Il y a ces derniers temps des tractations entre les anciens présidents de la République et l'actuel chef de l'Etat en vue de trouver éventuellement un terrain d'entente sur la formation d'un gouvernement d'union nationale. Est-ce une solution pour vous ?
« Le même schéma a été adopté durant la transition. Les politiciens se sont mis autour d'une table et ont contracté un accord politique qui a abouti à la mise en place d'un gouvernement de consensus. Qu'est-ce que cela a-t-il apporté pour notre pays ? Je ne dis pas qu'on n'a pas besoin de dialoguer. Pour moi, les accords politiques ou les alliances politiques ne peuvent pas résoudre les problèmes socio-économiques du pays. Prenons nos responsabilités et allons faire en sorte que le bien commun nous préoccupe tous. La réconciliation ne devrait pas être l'unique affaire de quelques politiciens. Elle doit être pour tous, une réconciliation sans hypocrisie. »

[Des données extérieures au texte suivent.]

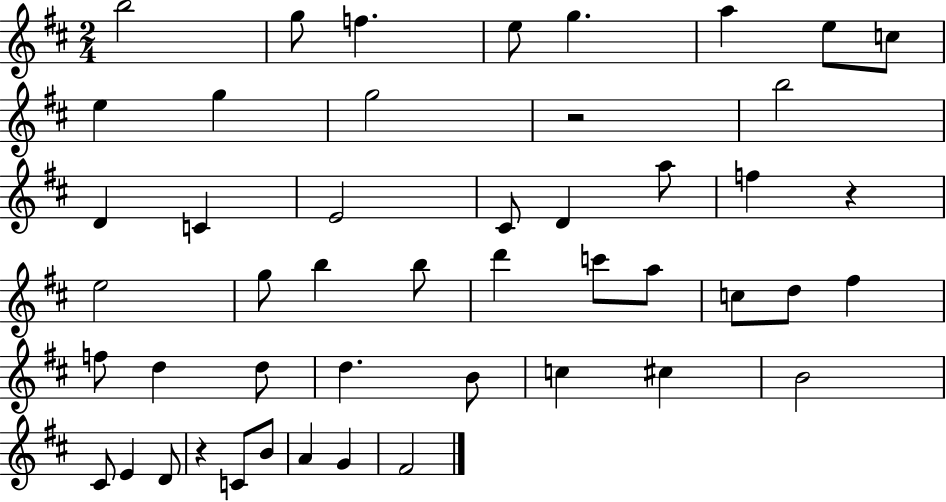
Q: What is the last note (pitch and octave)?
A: F#4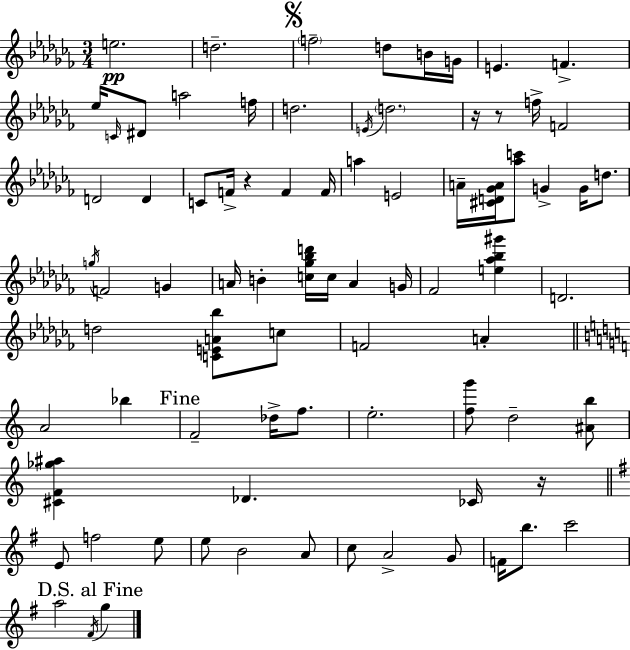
E5/h. D5/h. F5/h D5/e B4/s G4/s E4/q. F4/q. Eb5/s C4/s D#4/e A5/h F5/s D5/h. E4/s D5/h. R/s R/e F5/s F4/h D4/h D4/q C4/e F4/s R/q F4/q F4/s A5/q E4/h A4/s [C#4,D4,Gb4,A4]/s [Ab5,C6]/e G4/q G4/s D5/e. G5/s F4/h G4/q A4/s B4/q [C5,Gb5,Bb5,D6]/s C5/s A4/q G4/s FES4/h [E5,Ab5,Bb5,G#6]/q D4/h. D5/h [C4,E4,A4,Bb5]/e C5/e F4/h A4/q A4/h Bb5/q F4/h Db5/s F5/e. E5/h. [F5,G6]/e D5/h [A#4,B5]/e [C#4,F4,Gb5,A#5]/q Db4/q. CES4/s R/s E4/e F5/h E5/e E5/e B4/h A4/e C5/e A4/h G4/e F4/s B5/e. C6/h A5/h F#4/s G5/q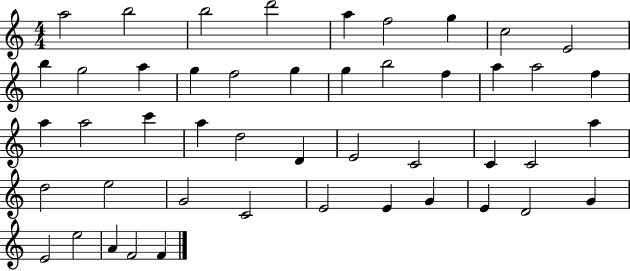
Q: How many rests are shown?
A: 0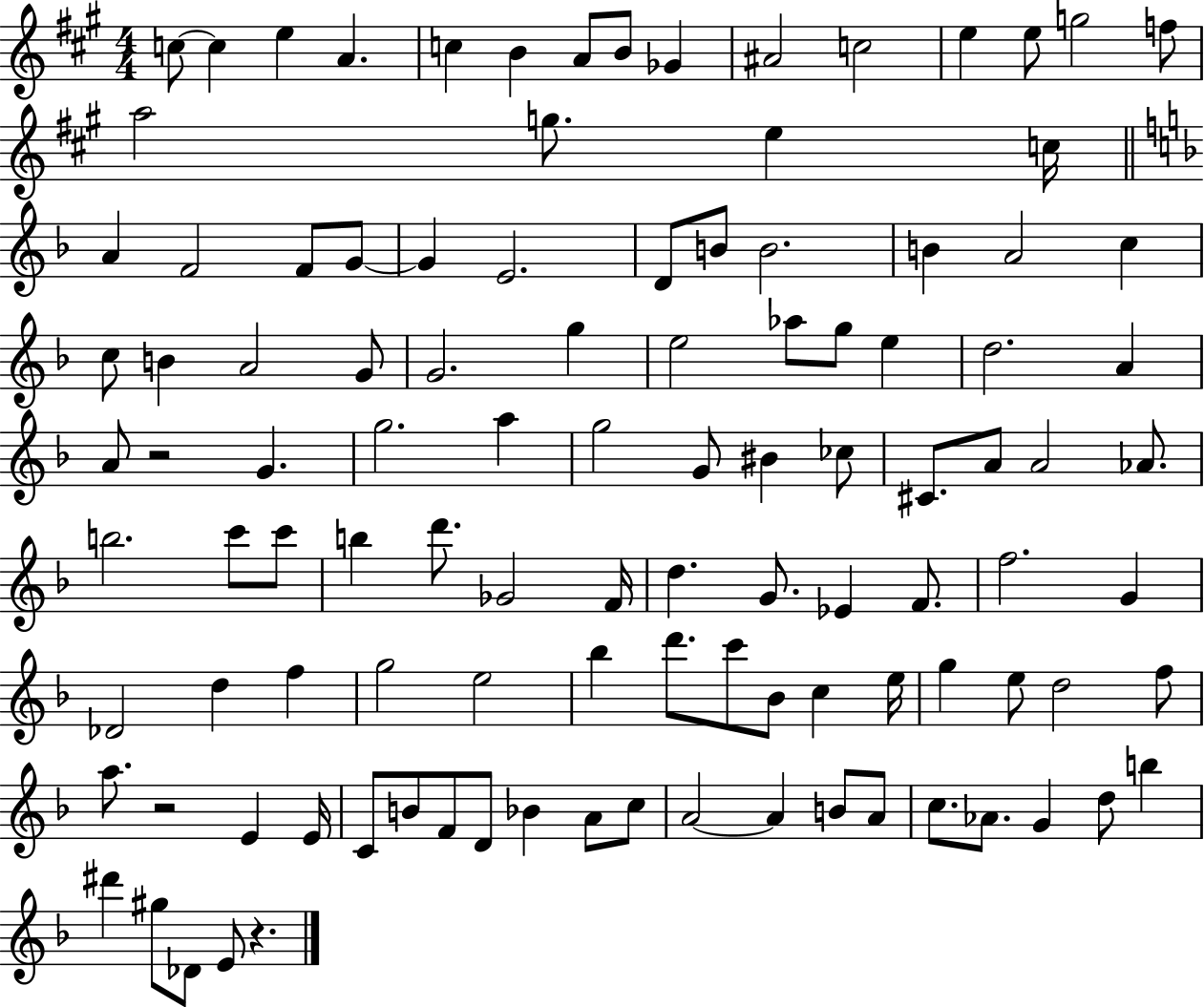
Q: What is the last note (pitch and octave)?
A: E4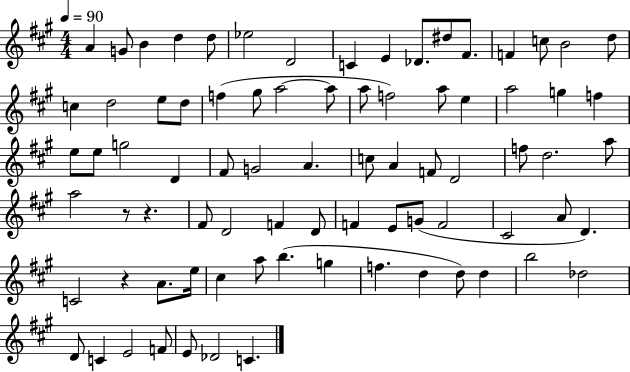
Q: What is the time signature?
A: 4/4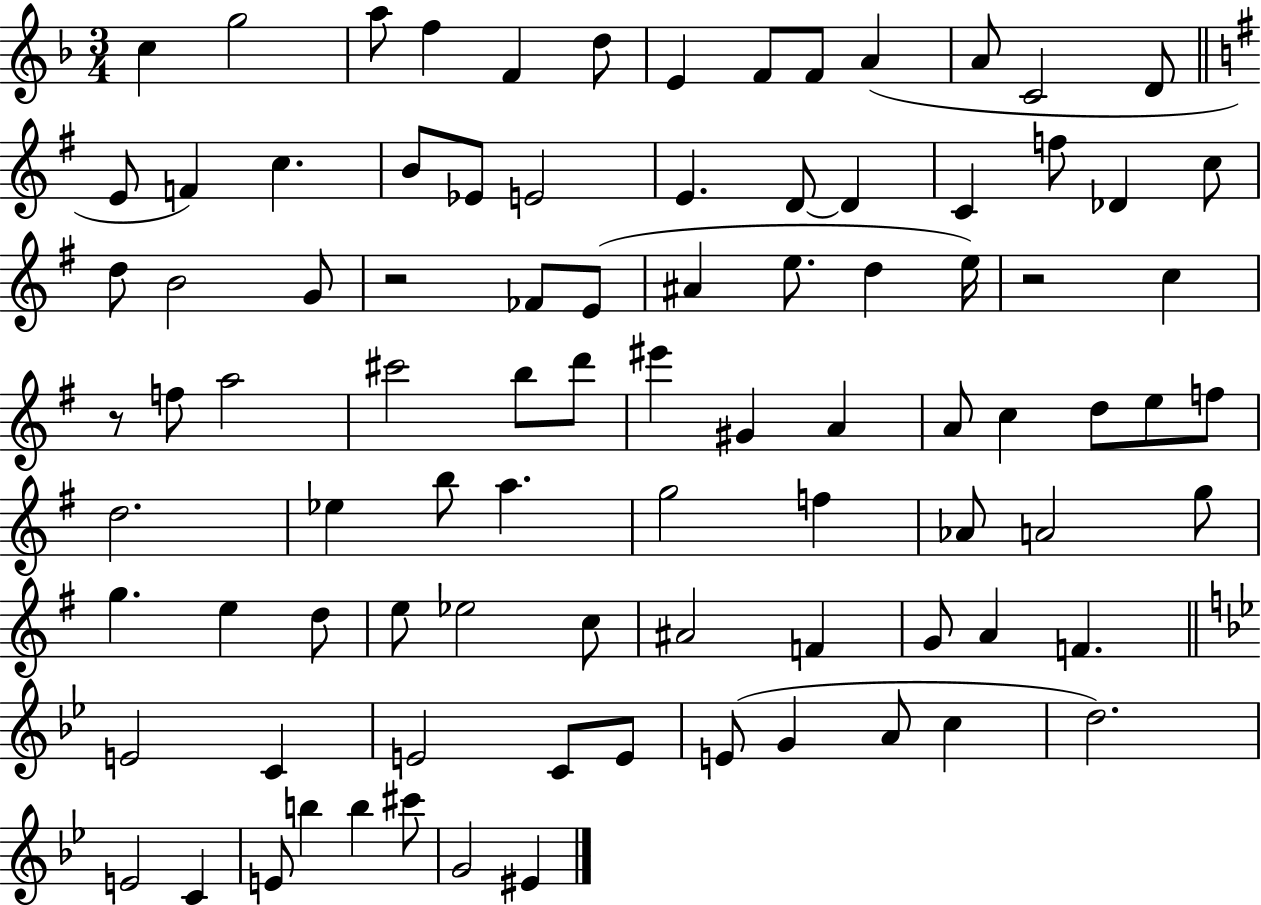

De nouvelles élections présidentielles auront lieu dans deux ans. Les conditions seraient-elles réunies pour ces rendez-vous électoraux ?
« Je suis complètement sidéré par la décision de la HCC sur l'opposition officielle à Madagascar. La Cour a bafoué la Constitution. Par ailleurs, je me souviens encore du fameux Pacte de responsabilité. Qu'en est-il actuellement? Je n'ai plus confiance en cette HCC. Son président qui était auparavant un juriste reconnu pour son intégrité et un membre respecté de la société civile, m'a particulièrement déçu. En ce qui concerne la CENI, sa démarche m'inquiète. Elle vient de remettre un paquet entre les mains du président de la République, mais le contenu dudit paquet reste un mystère pour le peuple. C'est pour dire que la démarche de la CENI manque de transparence. Revenant aux dernières Sénatoriales, la décision de la Commission électorale qui consistait à installer une urne par commune a été condamnable. Le secret du vote n'a pas été respecté. En 2018, Madagascar risque de connaître ce qui s'est passé en RDC où la présidentielle a été reportée au motif que les conditions n'étaient pas réunies. »
Sur ce point, avez-vous des messages à transmettre à la communauté internationale ?
« La communauté internationale doit surveiller de près les actions de la CENI. Quid de la révision de la liste électorale, des financements des partis, des financements des campagnes, et de l'égalité des chances des candidats ? Chose curieuse, Madagascar est un pays pauvre, mais pendant les campagnes électorales, de l'argent coule à flot sur le terrain. Il ne faut pas oublier que les crises politiques qui se sont succédé à Madagascar étaient des crises post-électorales.»